Когда впечатлительный полковник впервые попался на глаза Эве, она еще не знала, как ей поступить. Его много раз видели в компании хорошенькой молодой девушки, которую он обычно представлял как свою дочь. Однако же, когда его друзья-офицеры устраивали вечеринку для дочерей и жен и пригласили туда полковника с «сеньоритой Перон», ему пришлось признать, что их истинные отношения далеко не родственные: похоже, это признание смутило его друзей куда больше, чем его самого. Девушка вправду была очень молода и бесхитростна, и Эва, которой к тому времени стукнуло двадцать четыре и которая еще в детстве распростилась с юной неопытностью, просто не брала ее в расчет. Некоторые утверждают, что она просто выставила сумку и прочие вещи соперницы из квартиры Перона, когда он, скорее из коварства, нежели из простодушия, свел их там вместе, а затем ушел; это было бы вполне в духе Перона – позволить двум молодым женщинам вступить в борьбу за обладание им, а потом взять победительницу себе в любовницы. Но правдив этот рассказ или нет, Эва была не из тех, кто допускает существование каких-либо соперниц; она начисто устранила из жизни Перона не только других женщин, но и любые мелочи, подарки и безделушки, которые могли бы напоминать ему о подругах прошлого, а в его натуре присутствовала некая сентиментальная струнка, заставлявшая его хранить такие подарки. Она избавилась даже от всех вещей, вызывавших в его памяти образ умершей жены, и, говорят, дошла до того, что ободрала миниатюру с портретом Пототы с возмутительной брошки своей свекрови.
Прошло не так много времени, а Эва и Перон уже вели общее хозяйство в квартире на Калье Посадас – по соседству с той квартирой, где она жила раньше. Они не скрывали своих отношений: проводили вместе выходные на берегу реки, устраивали в доме вечеринки, и каждое утро новобранец из Кампо де Майо должен был доставлять в квартиру жестянку со свежим армейским молоком, и порой полковник самолично открывал ему дверь.
В течение следующего года Эва вела необычайно насыщенную жизнь; одно из самых замечательных свойств ее характера проявилось в том, что после долгих лет полуголодного существования она осталась способна схватить за хвост удачу и использовать ее на всю катушку. Ошибки, которые она совершала, происходили от чрезмерной самоуверенности и нетерпения, но никогда от излишней робости.

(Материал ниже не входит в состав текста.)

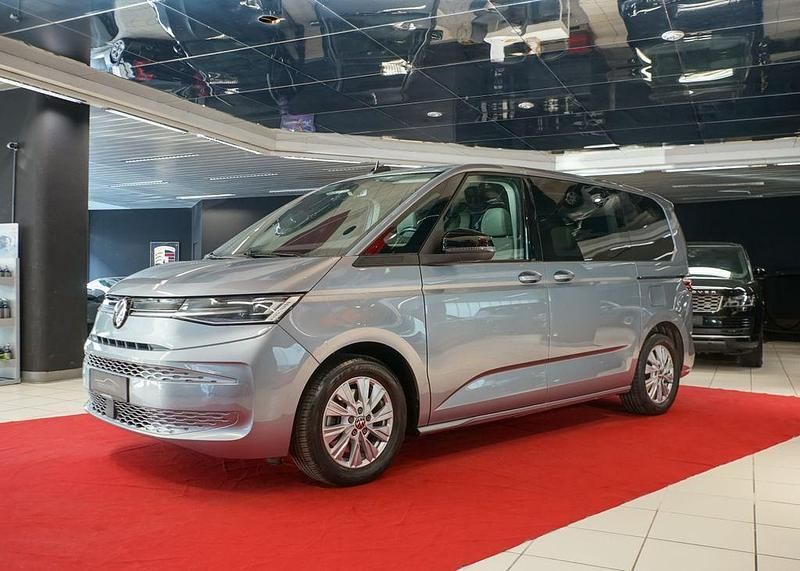 Gebraucht VW Multivan 136 PS (100 kW) 2023 Grau Van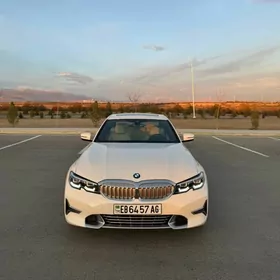 BMW 330 2021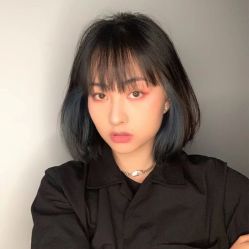 -变画·发型STUDIO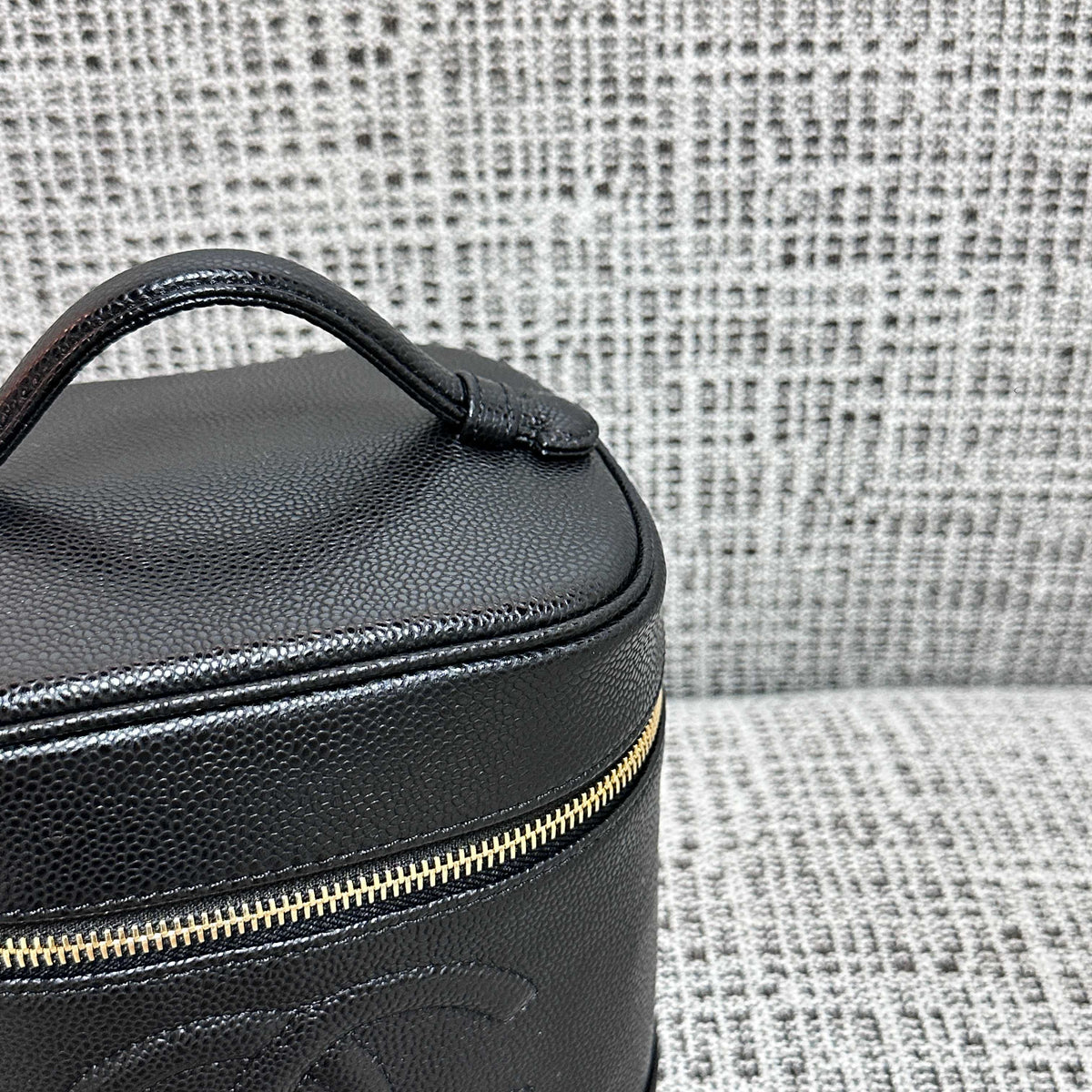 CC Vintage Vanity Bag 17.5cm Black Caviar Leather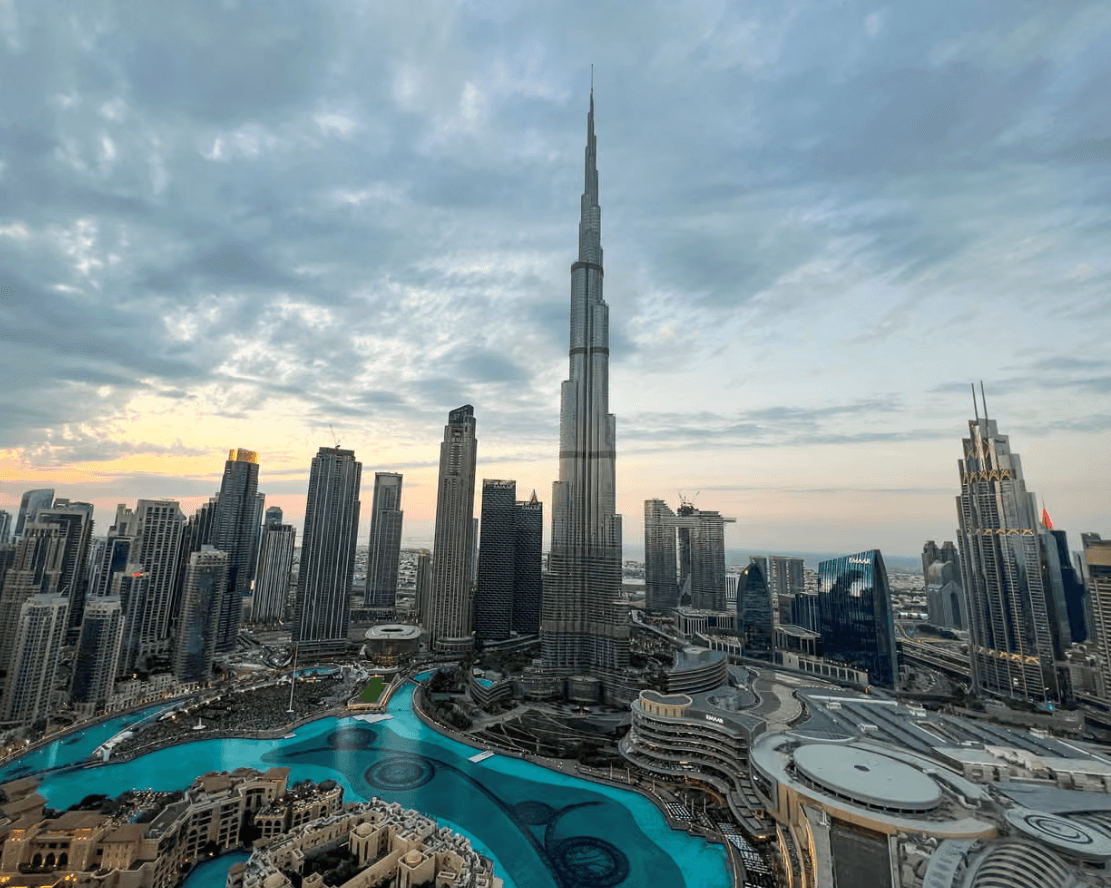 Dubaj támogatja a helyieket: 3000 dirham juttatás baráti és családi látogatásokra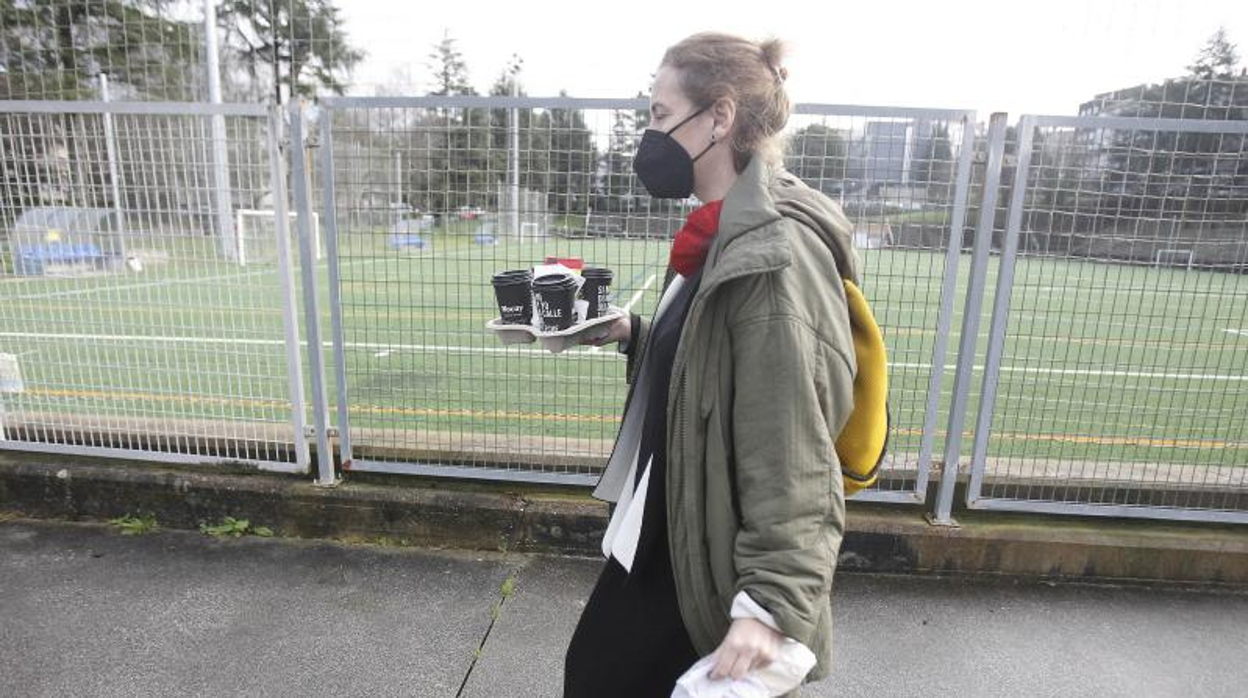 Una mujer portando productos para llevar, en Santiago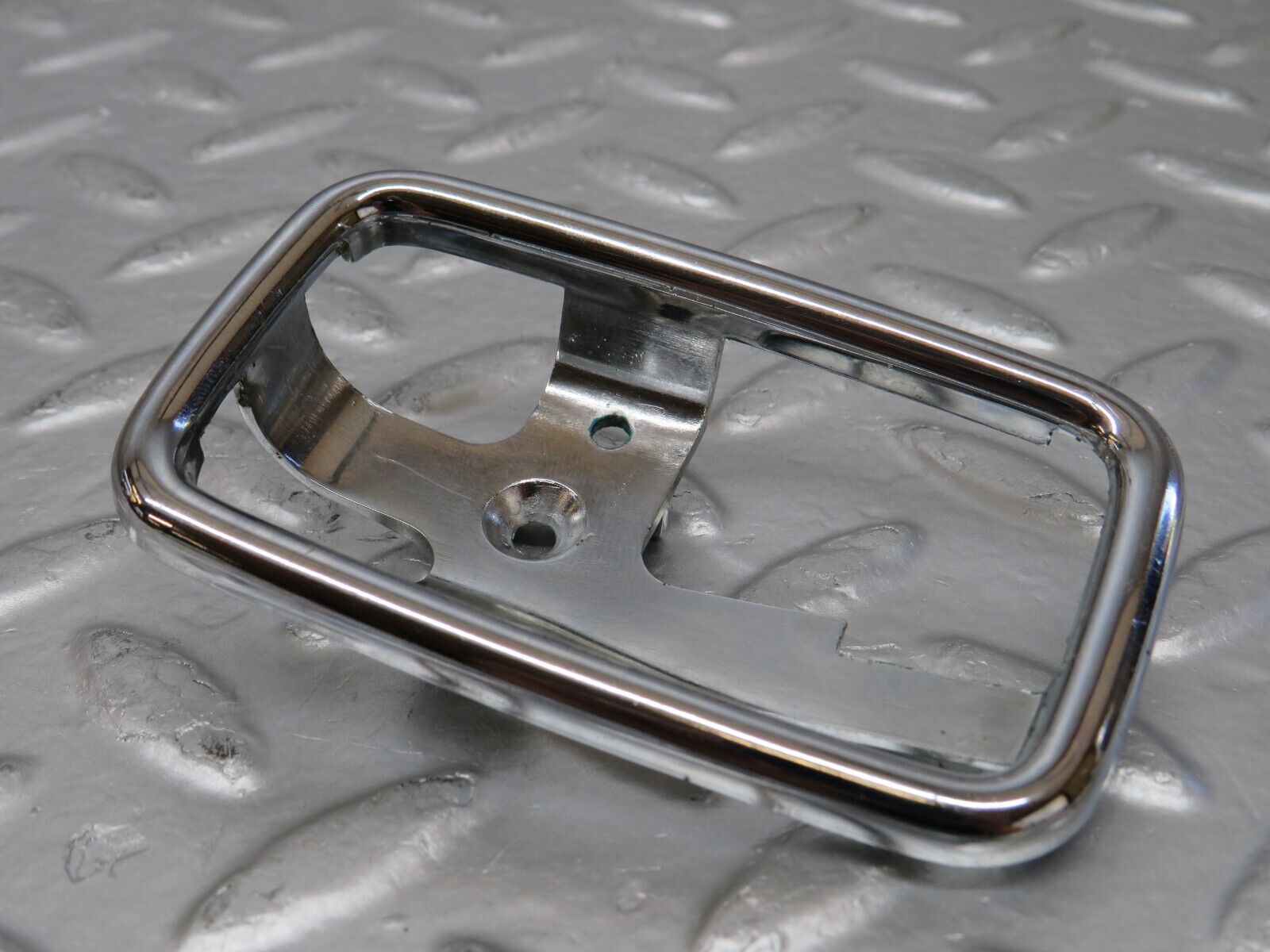 25573 Mercedes-Benz W123 200 Door Handle Surround Left 11676605111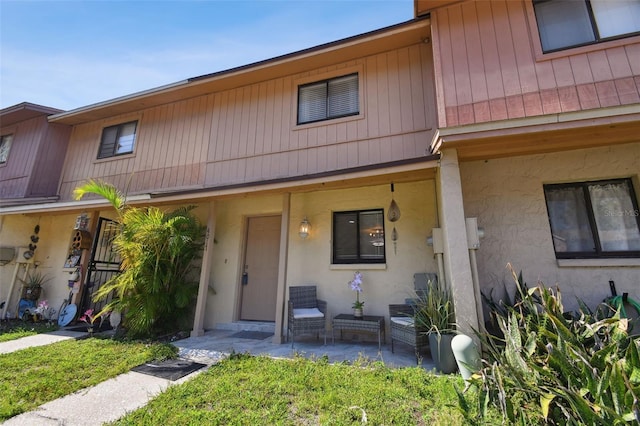 4017 Cedar Limb Ct, Tampa, FL 33614 - view of property with a porch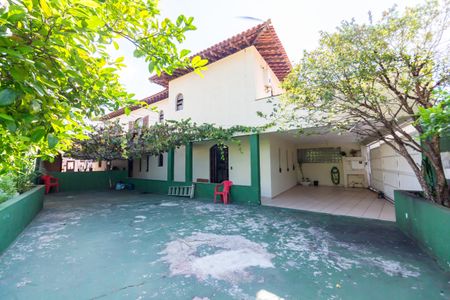 Casa à venda com 300m², 3 quartos e 7 vagasQuintal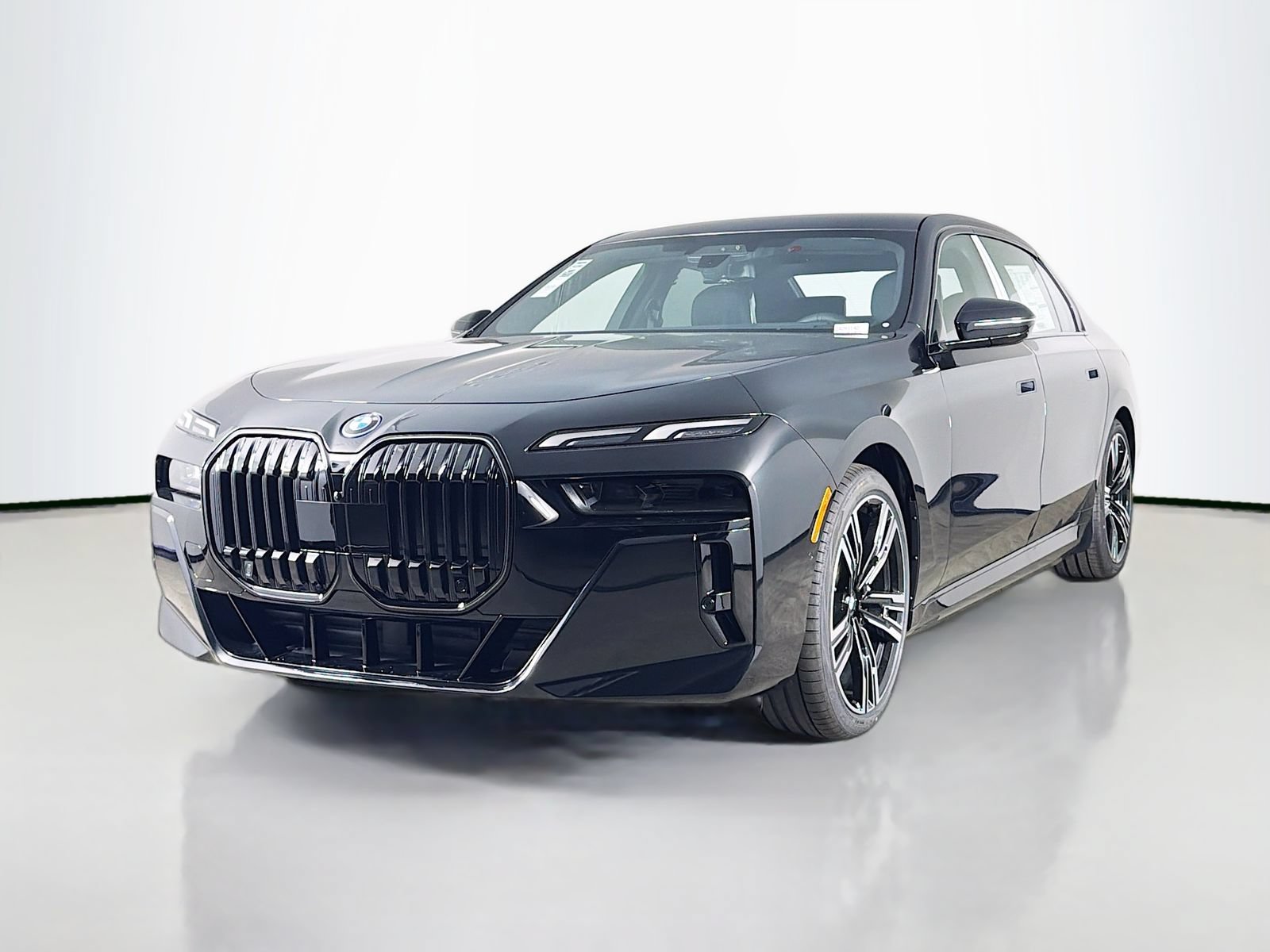 New 2026 BMW i7 xDrive60 w/ M Sport Package RWD image 3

Как только ее начали замечать в компании полковника, теперь руководившего Национальным департаментом труда, для нее открылась возможность делать карьеру на радио и на экране, и маленькая девочка, которой приходилось обивать пороги студий и обхаживать престарелых менеджеров, очень скоро добилась того, что они стали бегать за ней в надежде подписать контракт. Радио «Белграно» подняло ее гонорар до пятнадцати сотен песо в месяц, и хотя это – всего лишь триста семьдесят долларов, такая сумма более чем в шесть раз превышала ее оклад годом раньше. С ней заключили контракт на ежедневные выступления в «мыльной опере», которая называлась «Полцарства за любовь», и предоставили слово в прямом эфире вечерами по средам и пятницам в программе под названием «К лучшему будущему», которая состояла из страстных коротких проповедей о материнстве, патриотизме и самопожертвовании. Это был первый знак того, что Эва заинтересовалась вопросами высокой морали – в качестве средства саморекламы; слушали ее или нет – в любом случае это всех устраивало, и потому Джэйм Янкелевич, директор радио «Белграно», очевидно, решил всеми силами «продвигать» молодую женщину, которая имела такое влияние на впечатлительного полковника, и снова увеличил ее гонорар. В конце 1945 года она регулярно появлялась на трех крупнейших радиостанциях Аргентины: «Белграно», «Эль Мундо» и «Эстадо», и зарабатывала уже около тридцати тысяч песо, или семьсот пятьдесят долларов в месяц. К тому времени политическое будущее полковника не вызывало сомнений.